George Levert admits he was never astronaut material.
“I got into the space program,” he said, “chasing a girl.”
He’s retired in Atlanta now, the co-founder of Kinetic Ventures, a former Naval Officer in the Civil Engineering Corps in Vietnam, and before that an electrical engineering student at Tech who, in 1968, got the opportunity of a lifetime: spend the summer interning in his girlfriend’s hometown.
“Since she would be at home in New Orleans that summer, I searched for a summer job for engineering majors there,” said Levert, who’d graduate in 1969 and join the military. “Boeing was the only company hiring for the summer in New Orleans, so I signed up for an interview, not knowing or caring what the job entailed.

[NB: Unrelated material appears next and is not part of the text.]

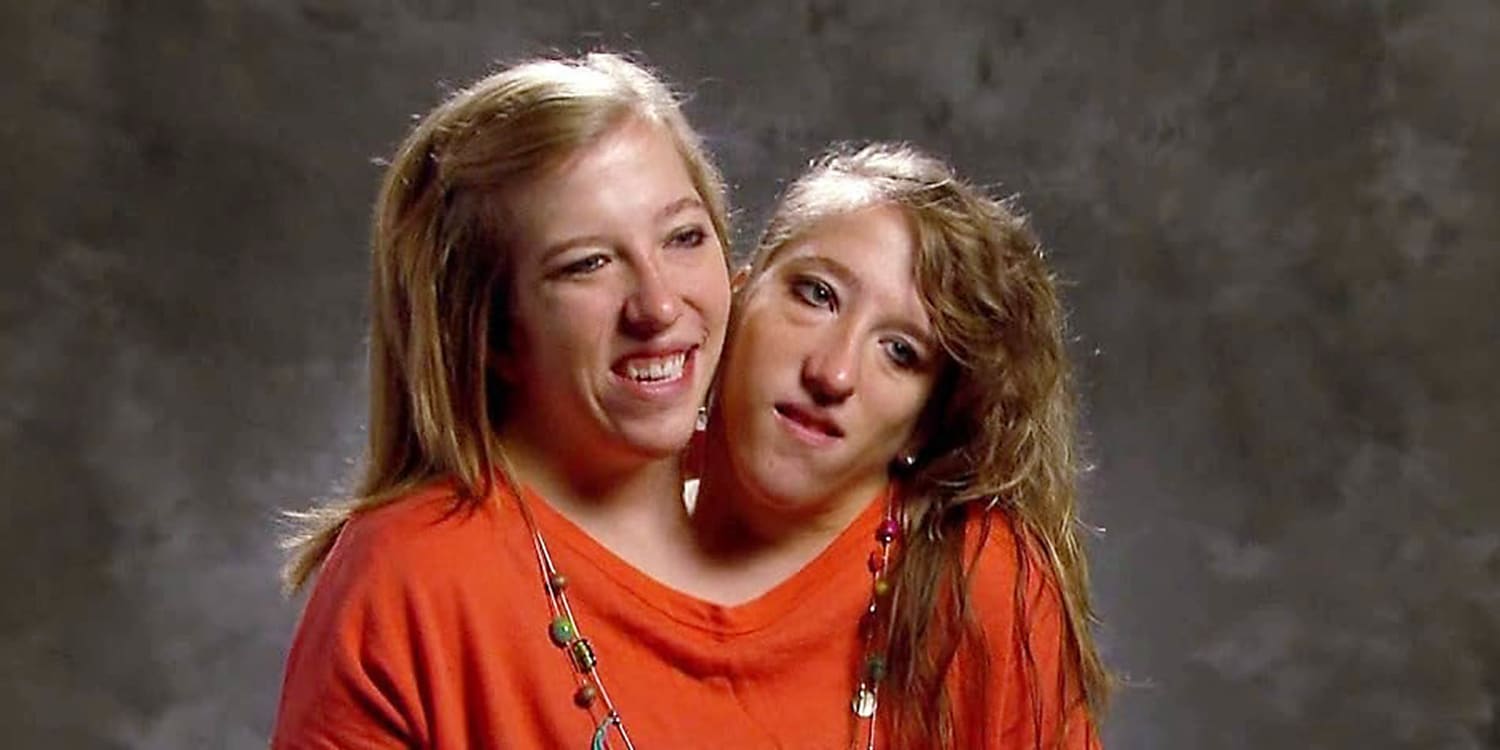Abby and Brittany Net Worth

“As fate would have it, we broke up before the summer,” he said, “but nonetheless I got to spend a summer living in New Orleans and working on the space program as it neared its historic moment.”
It all worked out — for Levert, for his old girlfriend, and for the Americans in the Space Race. He paid close attention this most recent July when America celebrated the 50th anniversary of the success of the Apollo 11 mission when men walked on the moon and returned safely to Earth.

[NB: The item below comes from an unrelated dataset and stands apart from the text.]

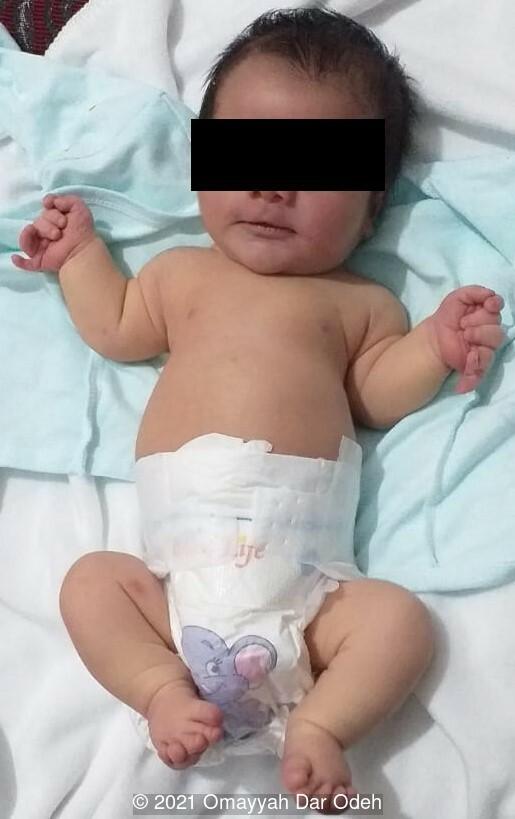 The newborn  is cyanosed, with short stature, small chest, polydactyly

The summer before that launch, Levert was one of two dozen engineering students from across the country working on the Apollo Program, specifically the design and manufacturing of the Saturn V Moon Rocket.
“It was a recruiting program for Boeing, and we had lots of special programs and dinners and trips, and it set the vector for my career,” he said. “I was assigned to the group overseeing all the computer systems used to design and build the Saturn V. That experience led to a job in Vietnam managing the computer systems for our command and our construction contracts, which led to a job with Accenture after graduate school at Georgia Tech and eventually to my career in venture capital.
“So my career’s destiny was set by chasing a girl I was out of control in love with to New Orleans,” he said. “You can’t make this stuff up. Only God can.”
The girl he was once pinned to married a Neville High in Monroe classmate of his, and Levert married in 1974 “to a beautiful, strong, and talented woman,” he said, a fellow Vietnam veteran, a Captain in the Air Force and an AirVac nurse. “We have spent our entire marriage in Atlanta,” he said, “and have two sons and two granddaughters.”
“When I left the Navy in 1972 I had decided I wanted to study business in graduate school to complement my engineering degree,” Levert said. “So I pivoted from engineering to business; NASA was not what I wanted to pursue.”
But that summer of 1968 is one he wouldn’t trade: thousands of engineers, scientist, technical experts, and support staff working at the Michoud Facility, which had been used for production of material in World War 2. Apartment complexes and businesses were springing up all around to support the thousands of workers and their families.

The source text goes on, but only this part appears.